The broken sample problem revisited: Proof of a conjecture by Bai-Hsing and high-dimensional extensions
Simiao Jiao, Yihong Wu, Jiaming Xu
TL;DR
This work resolves the sharp detection threshold for the broken sample problem under proportional sampling and unequal sizes by linking strong detection to two information measures: the $\chi^2$-information $I_{\chi^2}(X;Y)$ and the Hirschfeld-Gebelein-Rényi maximal correlation $\rho(X;Y)$. It develops two computationally efficient tests based on the spectrum of the likelihood ratio operator and histogram embeddings, establishing sufficiency and providing rate-optimal performance in broad settings, including fixed and high-dimensional regimes. The authors fully characterize impossibility regimes via a second-moment analysis and derive limiting distributions for key test statistics, connecting to Bai-Hsing's conjecture and extending to Gaussian and Bernoulli models with precise thresholds.
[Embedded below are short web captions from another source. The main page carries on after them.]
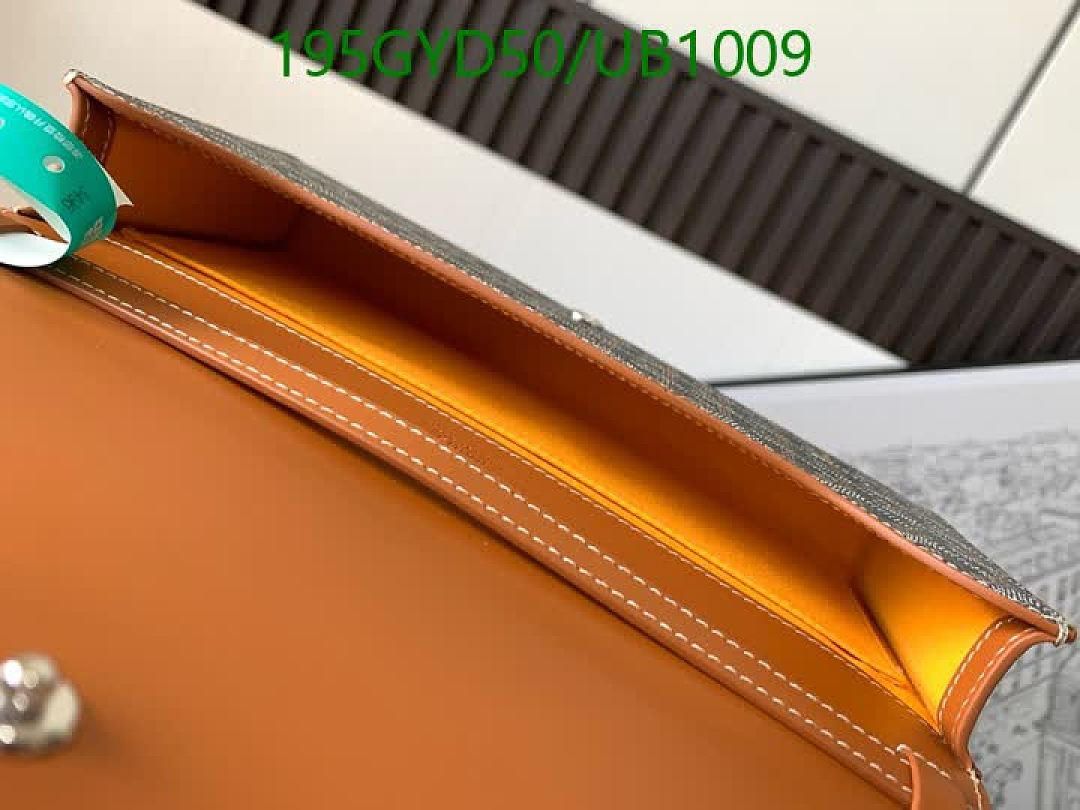 Goyard-BagsMirror Quality Code: UB1009 $: 195USD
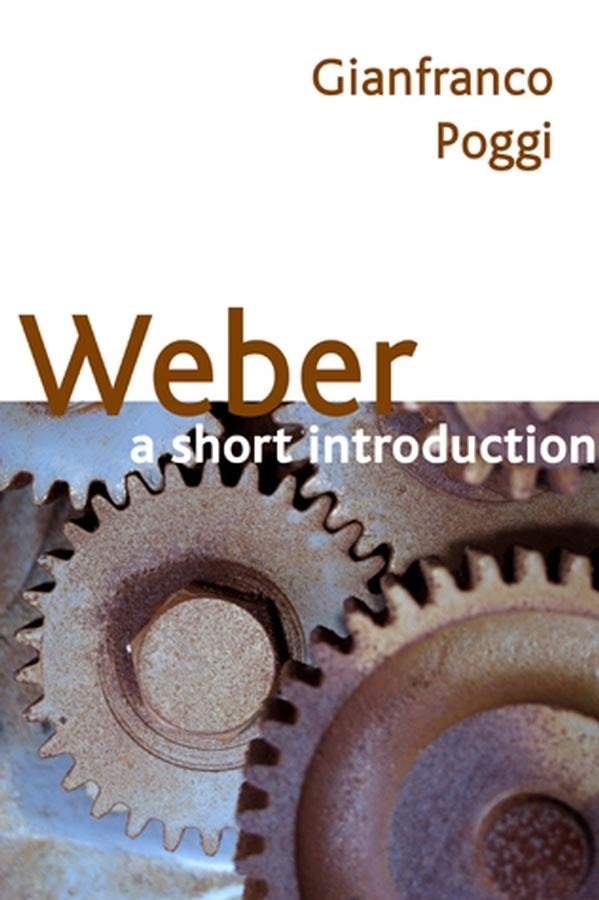 Weber: A Short Introduction cover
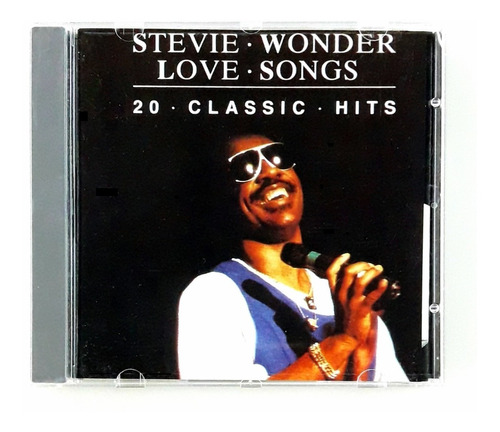 Cd Stevie Wonder   Love Song  Ed Brasil Como Nuevo  Oka (Reacondicionado)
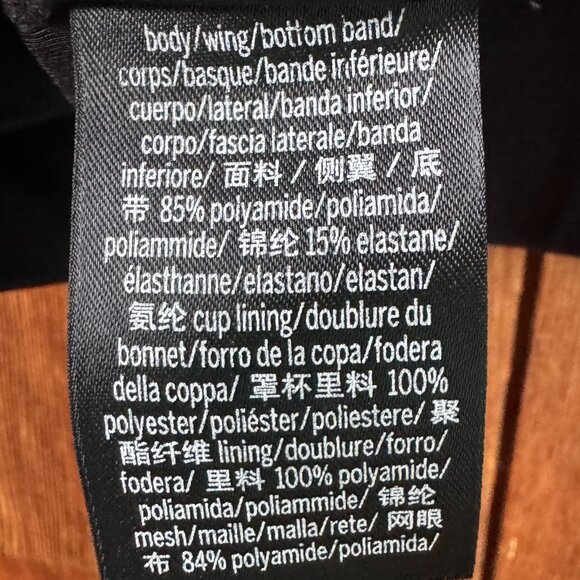 EUC PINK Victorias Secret Ultimate Push Up Sports Bra Wireless - Women's X-Small - Picture 8 of 8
Beyond exact thresholds, the paper offers practical testing tools with linear or near-linear runtimes and demonstrates power close to the optimum, with Wasserstein-based methods discussed as universal alternatives. Together, these results advance the theory of permutation-invariant detection in de-anonymization, data integration, and related shuffled-record problems, and they pave the way for handling unknown joint distributions and highly imbalanced data in future work.
Abstract
We revisit the classical broken sample problem: Two samples of i.i.d. data points $\mathbf{X}=\{X_1,\cdots, X_n\}$ and $\mathbf{Y}=\{Y_1,\cdots,Y_m\}$ are observed without correspondence with $m\leq n$. Under the null hypothesis, $\mathbf{X}$ and $\mathbf{Y}$ are independent. Under the alternative hypothesis, $\mathbf{Y}$ is correlated with a random subsample of $\mathbf{X}$, in the sense that $(X_{π(i)},Y_i)$'s are drawn independently from some bivariate distribution for some latent injection $π:[m] \to [n]$. Originally introduced by DeGroot, Feder, and Goel (1971) to model matching records in census data, this problem has recently gained renewed interest due to its applications in data de-anonymization, data integration, and target tracking. Despite extensive research over the past decades, determining the precise detection threshold has remained an open problem even for equal sample sizes ($m=n$). Assuming $m$ and $n$ grow proportionally, we show that the sharp threshold is given by a spectral and an $L_2$ condition of the likelihood ratio operator, resolving a conjecture of Bai and Hsing (2005) in the positive. These results are extended to high dimensions and settle the sharp detection thresholds for Gaussian and Bernoulli models.